Cladistic Markers of IGLJ Sequences.
The three groups defined by the markers of IGLV sequences are also supported by a cladistic analysis of the IGLJ sequences (Fig. 2). In particular, the Gly at position 4 and Thr at position 7 discriminate the group 3 sequences from the groups 1 and 2 sequences. The Thr at position 2 discriminates the group 1 sequences from the other two groups. Group 1 sequences contain the EIK (or occasionally ELK) motif at positions 10–12, whereas group 2 and group 3 sequences contain the TVL (or TVT) and IVT motifs, respectively. These results again show that group 1, 2, and 3 sequences correspond to the human IGJK, IGJL, and frog IGJS sequences, respectively (Fig. 2).

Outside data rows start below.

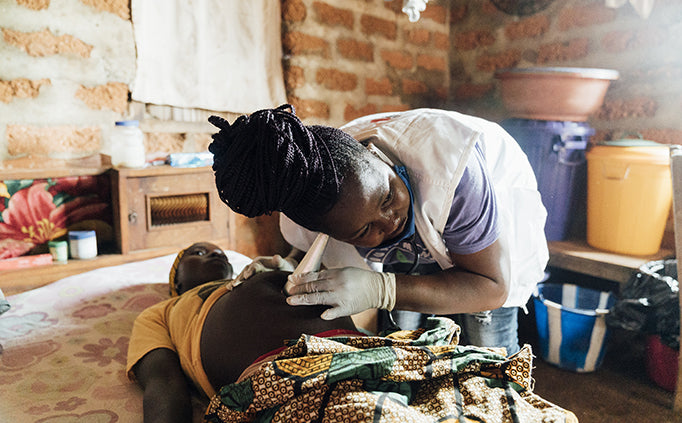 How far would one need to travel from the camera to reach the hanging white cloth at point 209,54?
1.93 m

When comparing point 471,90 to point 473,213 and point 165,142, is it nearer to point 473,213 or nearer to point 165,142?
point 165,142

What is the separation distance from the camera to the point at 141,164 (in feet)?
5.95

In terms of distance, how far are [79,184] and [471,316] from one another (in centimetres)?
150

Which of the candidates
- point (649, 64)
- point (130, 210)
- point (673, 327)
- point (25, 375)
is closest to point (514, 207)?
point (673, 327)

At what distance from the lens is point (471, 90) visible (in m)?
2.81

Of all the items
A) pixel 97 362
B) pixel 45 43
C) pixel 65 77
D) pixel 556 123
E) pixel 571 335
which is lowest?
pixel 571 335

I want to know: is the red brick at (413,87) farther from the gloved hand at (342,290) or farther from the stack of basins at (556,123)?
the gloved hand at (342,290)

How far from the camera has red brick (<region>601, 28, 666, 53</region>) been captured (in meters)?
2.07

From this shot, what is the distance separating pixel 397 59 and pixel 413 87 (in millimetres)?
191

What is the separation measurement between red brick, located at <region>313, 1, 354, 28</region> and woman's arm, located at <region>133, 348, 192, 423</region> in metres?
1.80

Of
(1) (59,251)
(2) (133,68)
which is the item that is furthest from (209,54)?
(1) (59,251)

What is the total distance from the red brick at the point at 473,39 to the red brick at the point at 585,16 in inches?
15.8

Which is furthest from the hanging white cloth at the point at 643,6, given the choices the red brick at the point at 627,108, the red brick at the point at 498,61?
the red brick at the point at 498,61

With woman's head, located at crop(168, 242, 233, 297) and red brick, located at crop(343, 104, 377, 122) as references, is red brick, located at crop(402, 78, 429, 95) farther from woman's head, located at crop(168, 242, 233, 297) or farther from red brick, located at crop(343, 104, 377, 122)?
woman's head, located at crop(168, 242, 233, 297) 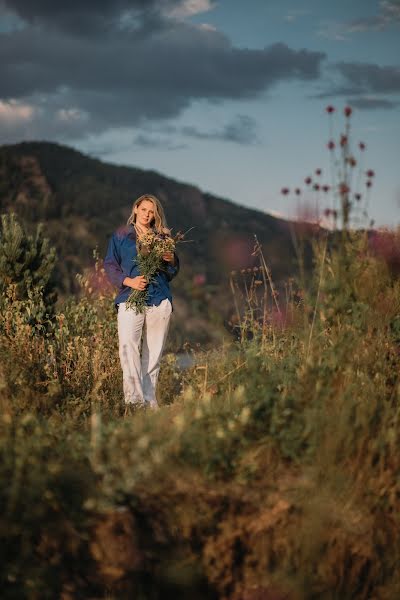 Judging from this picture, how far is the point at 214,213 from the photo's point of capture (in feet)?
338

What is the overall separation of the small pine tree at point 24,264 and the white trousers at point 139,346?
1934mm

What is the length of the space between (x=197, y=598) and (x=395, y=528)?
1.04 metres

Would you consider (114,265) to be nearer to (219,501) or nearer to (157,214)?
(157,214)

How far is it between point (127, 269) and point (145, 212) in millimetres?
557

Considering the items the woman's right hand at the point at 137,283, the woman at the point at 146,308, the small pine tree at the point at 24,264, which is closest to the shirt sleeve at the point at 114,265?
the woman at the point at 146,308

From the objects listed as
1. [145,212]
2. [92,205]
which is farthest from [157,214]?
[92,205]

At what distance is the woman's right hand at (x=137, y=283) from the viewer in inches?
247

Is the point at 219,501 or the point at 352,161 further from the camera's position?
the point at 352,161

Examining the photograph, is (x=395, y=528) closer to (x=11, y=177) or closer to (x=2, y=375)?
(x=2, y=375)

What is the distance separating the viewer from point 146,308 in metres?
6.49

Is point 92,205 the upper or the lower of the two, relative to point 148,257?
upper

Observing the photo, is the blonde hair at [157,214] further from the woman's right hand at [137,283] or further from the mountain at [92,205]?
the mountain at [92,205]

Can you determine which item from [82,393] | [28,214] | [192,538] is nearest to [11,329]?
[82,393]

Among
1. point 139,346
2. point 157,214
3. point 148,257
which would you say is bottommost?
point 139,346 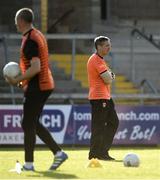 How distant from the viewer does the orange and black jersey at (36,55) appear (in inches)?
429

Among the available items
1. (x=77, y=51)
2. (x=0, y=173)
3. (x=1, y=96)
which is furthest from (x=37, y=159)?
(x=77, y=51)

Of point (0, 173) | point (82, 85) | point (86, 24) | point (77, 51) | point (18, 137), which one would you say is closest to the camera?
point (0, 173)

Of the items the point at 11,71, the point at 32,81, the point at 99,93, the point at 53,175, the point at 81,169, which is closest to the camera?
the point at 53,175

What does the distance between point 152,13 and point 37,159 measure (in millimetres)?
15230

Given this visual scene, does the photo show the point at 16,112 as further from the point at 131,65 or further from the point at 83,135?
the point at 131,65

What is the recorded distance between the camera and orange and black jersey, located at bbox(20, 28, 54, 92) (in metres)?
10.9

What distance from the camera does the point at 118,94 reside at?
21.4 meters

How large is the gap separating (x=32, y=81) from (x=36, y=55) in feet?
1.17

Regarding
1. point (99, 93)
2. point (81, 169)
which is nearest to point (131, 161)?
point (81, 169)

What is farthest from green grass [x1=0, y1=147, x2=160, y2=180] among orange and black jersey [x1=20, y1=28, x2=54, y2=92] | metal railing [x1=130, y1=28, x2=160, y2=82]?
metal railing [x1=130, y1=28, x2=160, y2=82]

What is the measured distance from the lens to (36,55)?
1088cm

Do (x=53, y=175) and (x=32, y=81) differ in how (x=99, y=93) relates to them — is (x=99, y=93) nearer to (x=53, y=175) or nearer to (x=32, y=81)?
(x=32, y=81)

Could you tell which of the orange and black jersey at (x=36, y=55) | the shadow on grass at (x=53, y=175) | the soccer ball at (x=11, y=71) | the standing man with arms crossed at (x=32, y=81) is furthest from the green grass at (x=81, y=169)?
the soccer ball at (x=11, y=71)

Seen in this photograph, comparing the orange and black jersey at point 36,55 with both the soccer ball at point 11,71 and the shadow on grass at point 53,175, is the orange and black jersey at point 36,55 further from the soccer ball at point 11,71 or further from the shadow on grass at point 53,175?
the shadow on grass at point 53,175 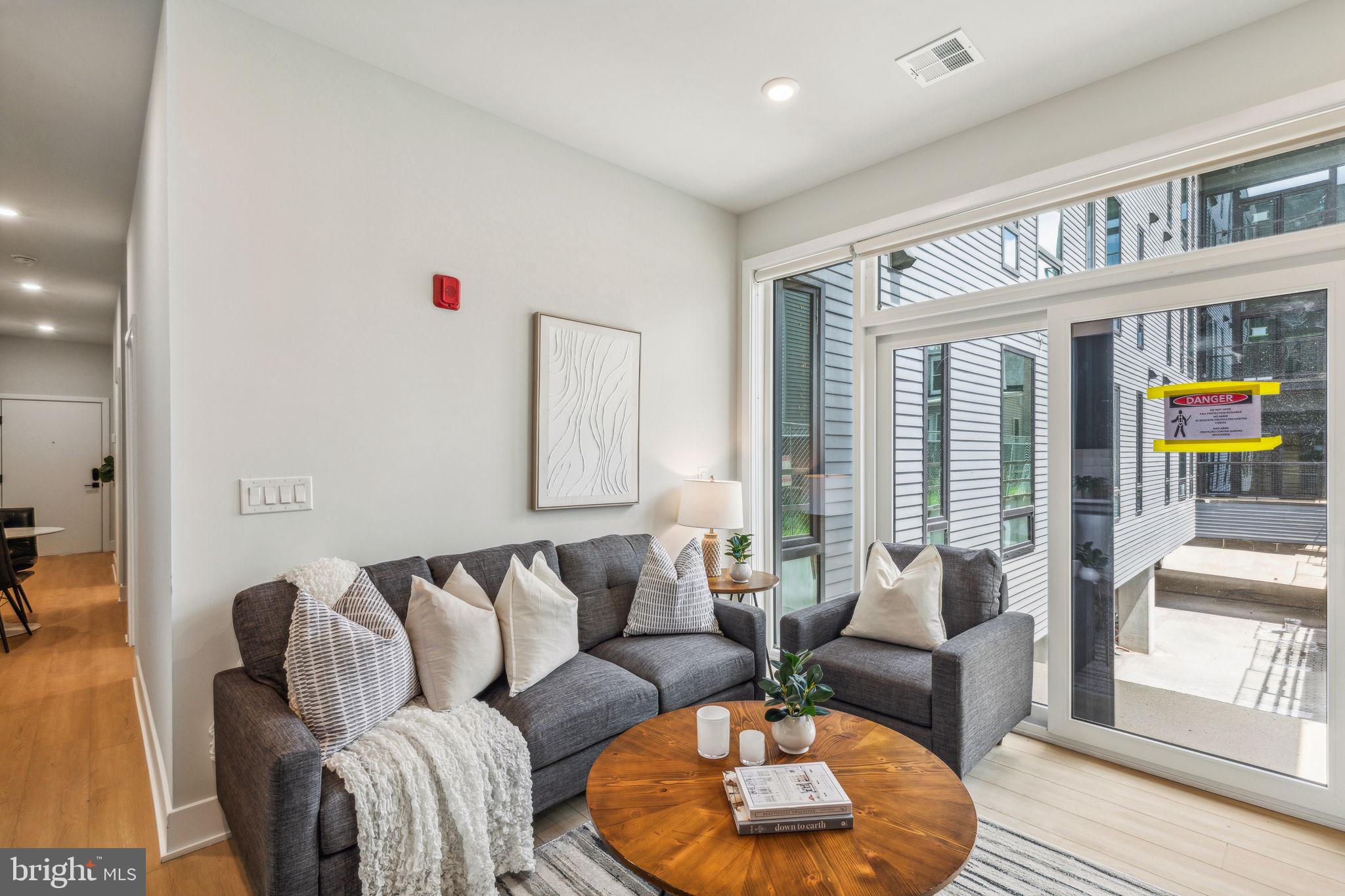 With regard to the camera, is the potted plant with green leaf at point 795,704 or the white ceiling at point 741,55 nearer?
the potted plant with green leaf at point 795,704

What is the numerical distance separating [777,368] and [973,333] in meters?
1.23

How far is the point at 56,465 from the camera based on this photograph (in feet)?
24.9

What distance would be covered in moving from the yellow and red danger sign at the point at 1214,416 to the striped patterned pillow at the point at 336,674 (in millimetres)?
2941

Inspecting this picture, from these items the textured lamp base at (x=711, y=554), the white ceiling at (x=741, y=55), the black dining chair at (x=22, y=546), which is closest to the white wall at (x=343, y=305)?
the white ceiling at (x=741, y=55)

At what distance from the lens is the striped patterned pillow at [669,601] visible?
2.88 meters

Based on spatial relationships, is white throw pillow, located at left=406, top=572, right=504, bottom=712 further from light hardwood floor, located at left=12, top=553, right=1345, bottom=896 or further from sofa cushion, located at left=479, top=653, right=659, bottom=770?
light hardwood floor, located at left=12, top=553, right=1345, bottom=896

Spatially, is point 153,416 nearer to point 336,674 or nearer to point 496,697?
point 336,674

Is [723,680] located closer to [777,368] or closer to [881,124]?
[777,368]

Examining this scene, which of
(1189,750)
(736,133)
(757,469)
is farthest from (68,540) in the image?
(1189,750)

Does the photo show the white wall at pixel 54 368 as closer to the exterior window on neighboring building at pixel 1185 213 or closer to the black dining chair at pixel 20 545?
the black dining chair at pixel 20 545

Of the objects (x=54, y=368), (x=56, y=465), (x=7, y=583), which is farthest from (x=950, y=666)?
(x=54, y=368)

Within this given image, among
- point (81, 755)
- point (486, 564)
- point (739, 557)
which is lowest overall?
point (81, 755)

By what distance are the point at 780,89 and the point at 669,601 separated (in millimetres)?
2250

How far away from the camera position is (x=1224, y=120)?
2.31 meters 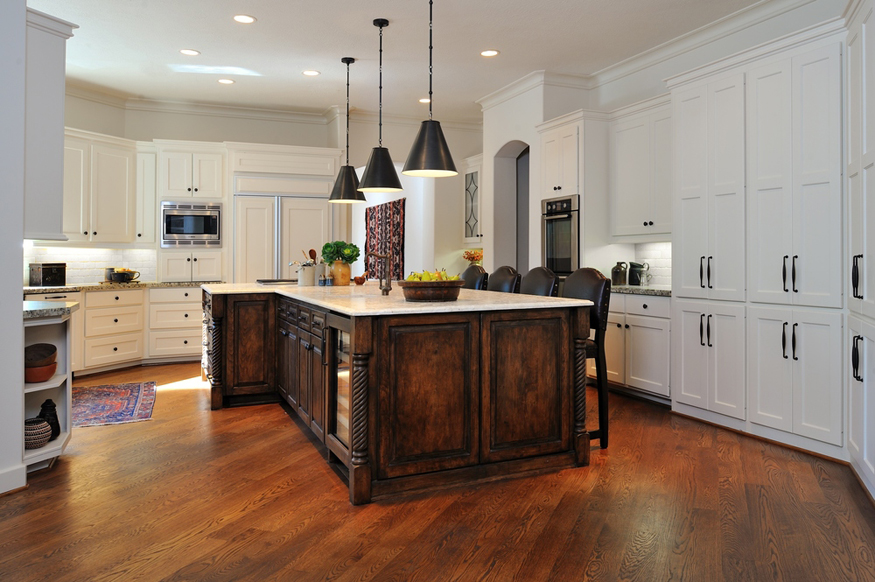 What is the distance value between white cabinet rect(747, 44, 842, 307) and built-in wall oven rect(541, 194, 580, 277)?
1868 millimetres

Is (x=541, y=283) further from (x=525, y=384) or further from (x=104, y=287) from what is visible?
(x=104, y=287)

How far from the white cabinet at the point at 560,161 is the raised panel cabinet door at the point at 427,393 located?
303 cm

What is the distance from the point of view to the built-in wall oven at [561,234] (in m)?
5.61

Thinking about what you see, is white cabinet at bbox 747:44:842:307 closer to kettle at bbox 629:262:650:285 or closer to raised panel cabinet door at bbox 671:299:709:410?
raised panel cabinet door at bbox 671:299:709:410

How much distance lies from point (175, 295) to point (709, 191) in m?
5.42

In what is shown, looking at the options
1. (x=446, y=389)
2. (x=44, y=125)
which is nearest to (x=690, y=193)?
(x=446, y=389)

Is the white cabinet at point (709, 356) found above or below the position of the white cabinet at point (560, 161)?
below

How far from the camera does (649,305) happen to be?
4789 mm

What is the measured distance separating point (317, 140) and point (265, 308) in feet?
12.0

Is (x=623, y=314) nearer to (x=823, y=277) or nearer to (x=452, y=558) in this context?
(x=823, y=277)

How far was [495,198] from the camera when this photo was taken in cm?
692

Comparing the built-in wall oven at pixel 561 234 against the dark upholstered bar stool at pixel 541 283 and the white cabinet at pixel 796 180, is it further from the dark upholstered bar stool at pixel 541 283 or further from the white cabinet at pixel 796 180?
the white cabinet at pixel 796 180

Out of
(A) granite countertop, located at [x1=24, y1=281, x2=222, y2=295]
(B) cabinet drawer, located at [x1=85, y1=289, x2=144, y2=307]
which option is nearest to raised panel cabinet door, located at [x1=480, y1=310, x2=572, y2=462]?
(A) granite countertop, located at [x1=24, y1=281, x2=222, y2=295]

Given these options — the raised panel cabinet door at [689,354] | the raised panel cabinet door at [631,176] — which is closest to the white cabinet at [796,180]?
the raised panel cabinet door at [689,354] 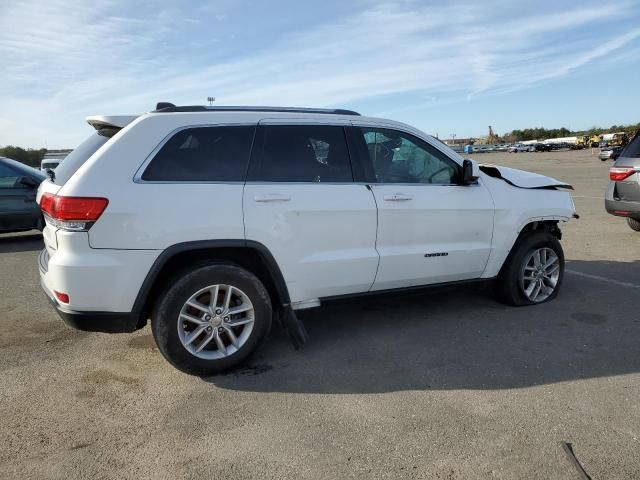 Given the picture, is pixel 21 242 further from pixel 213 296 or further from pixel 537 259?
pixel 537 259

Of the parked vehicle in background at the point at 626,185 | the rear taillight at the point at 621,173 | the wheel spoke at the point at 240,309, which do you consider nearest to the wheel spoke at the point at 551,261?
the wheel spoke at the point at 240,309

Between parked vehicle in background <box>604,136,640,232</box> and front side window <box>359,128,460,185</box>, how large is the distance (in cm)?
477

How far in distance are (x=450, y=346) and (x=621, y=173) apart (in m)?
5.61

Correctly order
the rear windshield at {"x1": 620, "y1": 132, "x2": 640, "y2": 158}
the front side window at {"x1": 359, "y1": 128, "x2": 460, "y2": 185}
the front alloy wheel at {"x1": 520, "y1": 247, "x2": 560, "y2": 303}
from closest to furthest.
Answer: the front side window at {"x1": 359, "y1": 128, "x2": 460, "y2": 185}, the front alloy wheel at {"x1": 520, "y1": 247, "x2": 560, "y2": 303}, the rear windshield at {"x1": 620, "y1": 132, "x2": 640, "y2": 158}

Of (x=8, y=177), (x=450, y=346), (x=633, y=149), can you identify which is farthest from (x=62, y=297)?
(x=633, y=149)

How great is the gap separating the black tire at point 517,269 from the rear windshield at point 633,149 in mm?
3921

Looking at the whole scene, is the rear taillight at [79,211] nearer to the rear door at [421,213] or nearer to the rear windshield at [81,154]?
the rear windshield at [81,154]

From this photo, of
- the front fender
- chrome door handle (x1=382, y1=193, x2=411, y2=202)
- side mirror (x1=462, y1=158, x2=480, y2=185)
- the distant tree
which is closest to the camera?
chrome door handle (x1=382, y1=193, x2=411, y2=202)

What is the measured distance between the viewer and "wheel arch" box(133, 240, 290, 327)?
3482mm

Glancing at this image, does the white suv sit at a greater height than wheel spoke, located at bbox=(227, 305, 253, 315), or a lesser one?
greater

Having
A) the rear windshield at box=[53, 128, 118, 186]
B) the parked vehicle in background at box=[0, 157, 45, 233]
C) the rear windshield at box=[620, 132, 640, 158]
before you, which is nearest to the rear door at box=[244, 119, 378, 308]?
the rear windshield at box=[53, 128, 118, 186]

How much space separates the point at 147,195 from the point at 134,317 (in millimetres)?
833

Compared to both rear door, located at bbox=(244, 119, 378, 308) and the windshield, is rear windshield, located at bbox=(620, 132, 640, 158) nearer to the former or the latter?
rear door, located at bbox=(244, 119, 378, 308)

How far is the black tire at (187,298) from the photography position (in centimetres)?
Result: 352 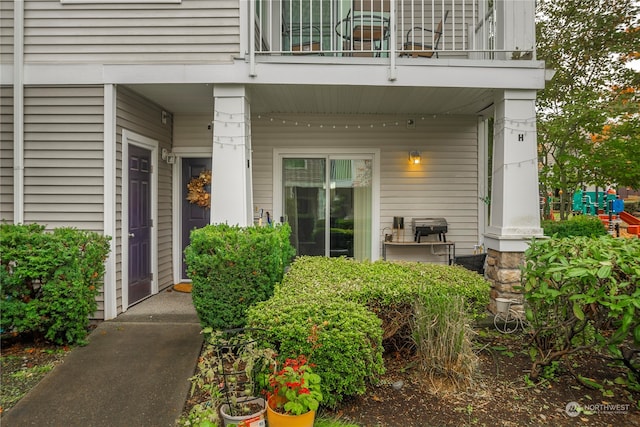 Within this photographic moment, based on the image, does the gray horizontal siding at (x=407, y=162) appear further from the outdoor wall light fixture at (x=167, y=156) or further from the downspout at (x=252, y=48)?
the downspout at (x=252, y=48)

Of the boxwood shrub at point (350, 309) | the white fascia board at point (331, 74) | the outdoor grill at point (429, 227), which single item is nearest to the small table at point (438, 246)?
the outdoor grill at point (429, 227)

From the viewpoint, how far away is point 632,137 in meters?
7.09

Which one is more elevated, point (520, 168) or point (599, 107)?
point (599, 107)

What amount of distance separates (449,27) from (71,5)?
17.5 feet

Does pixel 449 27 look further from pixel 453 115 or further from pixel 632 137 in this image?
pixel 632 137

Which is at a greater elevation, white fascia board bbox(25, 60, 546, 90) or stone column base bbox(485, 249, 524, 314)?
white fascia board bbox(25, 60, 546, 90)

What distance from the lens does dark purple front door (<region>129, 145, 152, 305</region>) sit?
5.01 m

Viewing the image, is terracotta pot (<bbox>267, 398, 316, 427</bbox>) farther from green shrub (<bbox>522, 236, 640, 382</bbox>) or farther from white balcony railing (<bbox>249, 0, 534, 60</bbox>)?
white balcony railing (<bbox>249, 0, 534, 60</bbox>)

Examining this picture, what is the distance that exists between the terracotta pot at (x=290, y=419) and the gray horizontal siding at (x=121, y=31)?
398 centimetres

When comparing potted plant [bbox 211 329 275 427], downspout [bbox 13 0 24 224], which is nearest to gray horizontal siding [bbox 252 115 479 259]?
downspout [bbox 13 0 24 224]

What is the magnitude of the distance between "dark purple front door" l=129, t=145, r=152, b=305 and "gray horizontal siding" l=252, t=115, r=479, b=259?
1.67m

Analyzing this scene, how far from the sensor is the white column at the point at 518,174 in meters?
4.55

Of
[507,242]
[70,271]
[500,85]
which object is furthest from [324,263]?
[500,85]

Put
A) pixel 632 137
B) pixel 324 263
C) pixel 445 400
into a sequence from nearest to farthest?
pixel 445 400
pixel 324 263
pixel 632 137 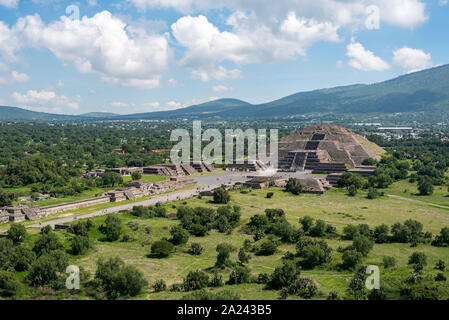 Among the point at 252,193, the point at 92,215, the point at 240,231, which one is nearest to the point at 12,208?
the point at 92,215

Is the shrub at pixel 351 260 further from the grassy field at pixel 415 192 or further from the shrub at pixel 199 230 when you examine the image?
the grassy field at pixel 415 192

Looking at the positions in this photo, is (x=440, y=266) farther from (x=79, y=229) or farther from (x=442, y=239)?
(x=79, y=229)

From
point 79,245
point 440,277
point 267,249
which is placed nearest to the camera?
point 440,277

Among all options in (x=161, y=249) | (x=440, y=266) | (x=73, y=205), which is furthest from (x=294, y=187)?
(x=440, y=266)

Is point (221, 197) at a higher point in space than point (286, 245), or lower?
higher

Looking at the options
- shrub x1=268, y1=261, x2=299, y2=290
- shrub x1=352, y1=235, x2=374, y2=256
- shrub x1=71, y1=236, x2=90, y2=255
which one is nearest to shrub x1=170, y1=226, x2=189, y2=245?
shrub x1=71, y1=236, x2=90, y2=255

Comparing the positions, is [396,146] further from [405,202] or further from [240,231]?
[240,231]

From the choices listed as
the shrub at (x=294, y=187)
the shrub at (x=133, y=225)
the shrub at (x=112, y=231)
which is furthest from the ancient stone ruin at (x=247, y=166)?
the shrub at (x=112, y=231) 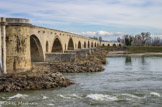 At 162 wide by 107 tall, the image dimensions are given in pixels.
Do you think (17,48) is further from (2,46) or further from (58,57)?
(58,57)

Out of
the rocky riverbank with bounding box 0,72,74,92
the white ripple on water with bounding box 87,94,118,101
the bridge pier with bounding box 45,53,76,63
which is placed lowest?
the white ripple on water with bounding box 87,94,118,101

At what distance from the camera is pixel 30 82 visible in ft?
65.7

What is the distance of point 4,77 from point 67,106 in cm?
684

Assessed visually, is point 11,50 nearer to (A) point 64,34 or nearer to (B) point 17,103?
(B) point 17,103

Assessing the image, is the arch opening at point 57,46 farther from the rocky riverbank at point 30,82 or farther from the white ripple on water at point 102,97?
the white ripple on water at point 102,97

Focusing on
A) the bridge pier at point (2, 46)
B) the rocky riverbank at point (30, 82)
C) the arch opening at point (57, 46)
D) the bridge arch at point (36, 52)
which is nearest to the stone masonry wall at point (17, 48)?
the bridge pier at point (2, 46)

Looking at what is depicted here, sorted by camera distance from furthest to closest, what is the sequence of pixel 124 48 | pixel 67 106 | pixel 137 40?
1. pixel 137 40
2. pixel 124 48
3. pixel 67 106

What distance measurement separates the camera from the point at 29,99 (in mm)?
16984

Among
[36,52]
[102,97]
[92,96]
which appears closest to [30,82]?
[92,96]

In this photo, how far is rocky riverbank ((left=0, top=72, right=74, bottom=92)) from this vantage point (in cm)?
1935

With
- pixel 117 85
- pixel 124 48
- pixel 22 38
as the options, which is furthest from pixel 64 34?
pixel 124 48

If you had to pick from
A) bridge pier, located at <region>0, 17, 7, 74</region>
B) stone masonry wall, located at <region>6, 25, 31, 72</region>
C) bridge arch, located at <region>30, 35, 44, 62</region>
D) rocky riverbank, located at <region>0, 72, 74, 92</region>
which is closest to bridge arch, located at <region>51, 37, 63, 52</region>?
bridge arch, located at <region>30, 35, 44, 62</region>

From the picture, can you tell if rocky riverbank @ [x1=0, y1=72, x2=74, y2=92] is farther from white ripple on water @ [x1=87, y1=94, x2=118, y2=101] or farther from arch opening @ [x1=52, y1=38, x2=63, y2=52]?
arch opening @ [x1=52, y1=38, x2=63, y2=52]

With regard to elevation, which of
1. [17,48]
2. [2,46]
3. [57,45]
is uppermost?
[57,45] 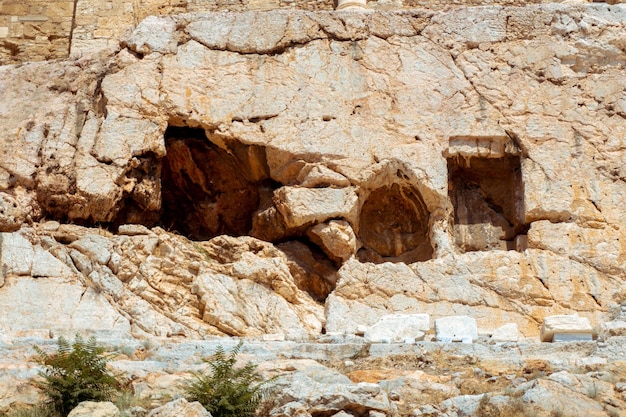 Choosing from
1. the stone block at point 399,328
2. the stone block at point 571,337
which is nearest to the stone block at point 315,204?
the stone block at point 399,328

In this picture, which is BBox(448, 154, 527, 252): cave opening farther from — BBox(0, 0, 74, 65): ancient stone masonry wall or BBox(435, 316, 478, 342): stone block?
BBox(0, 0, 74, 65): ancient stone masonry wall

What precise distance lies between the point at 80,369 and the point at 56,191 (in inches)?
197

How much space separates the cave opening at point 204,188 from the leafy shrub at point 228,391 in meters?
5.56

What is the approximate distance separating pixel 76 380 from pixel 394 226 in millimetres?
6341

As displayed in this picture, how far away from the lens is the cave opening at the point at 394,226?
14891mm

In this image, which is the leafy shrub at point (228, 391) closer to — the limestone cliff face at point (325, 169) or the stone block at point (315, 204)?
the limestone cliff face at point (325, 169)

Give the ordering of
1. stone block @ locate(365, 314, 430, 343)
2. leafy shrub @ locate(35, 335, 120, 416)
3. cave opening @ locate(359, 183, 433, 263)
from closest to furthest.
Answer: leafy shrub @ locate(35, 335, 120, 416)
stone block @ locate(365, 314, 430, 343)
cave opening @ locate(359, 183, 433, 263)

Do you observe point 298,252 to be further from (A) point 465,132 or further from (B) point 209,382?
(B) point 209,382

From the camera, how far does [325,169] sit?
14.5 metres

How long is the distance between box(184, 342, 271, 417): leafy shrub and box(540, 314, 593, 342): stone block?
3.35 metres

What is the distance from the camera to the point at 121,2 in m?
16.9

Cladistic Markers of IGLC Sequences.
Analysis of IGLC sequences confirmed the existence of the three isotypic groups (Fig. 3). Specifically, by the presence of distinct amino acid residues at positions 14, 32, 34, 79, and 91, group 3 sequences could be discriminated from the sequences belonging to groups 1 and 2. Residues at positions 17, 56, 60, 65, and 102 discriminated group 1 sequences from group 2 sequences. These markers discriminate IGL isotypes in all of the species examined, including the frog. There are also two other markers, which can also distinguish IGL isotypes in all of the species except the frog. In one case, the Cκ domains in all of the species tested except frog have amino acid residues at positions 94 and 95, whereas the Cλ domains lack residues at these positions (Fig. 3). In the frog, both Cκ and Cλ domains lack the residues at these two positions. In the second case, at position 79 Cκ and Cλ domains have Tyr and Trp, respectively, in all of the species except frog, in which Cκ has Trp at this position. The two alternative explanations of these exceptions could be independent mutations at these sites in the frog lineage or retention of an intermediate stage in the evolutionary split of IGCK and IGCL genes.
Fig. 3.
Alignment of representative IGLC sequences. The conserved markers that can be used for identifying the three isotypes corresponding to group 1–3 genes are highlighted. The two markers at position 79 and 94–95 (not highlighted) can also distinguish the κ and λ isotypes except frog. The numbering of amino acid positions is based on the human IGCK and IGCL sequences (Ensembl annotation), and the gap relative to the frog IGCS sequence is indicated by “a.” Xt and Xl stand for frog species X. tropicalis and X. laevis, respectively. The aligned sequences of all functional IGLC genes are given in Dataset S3.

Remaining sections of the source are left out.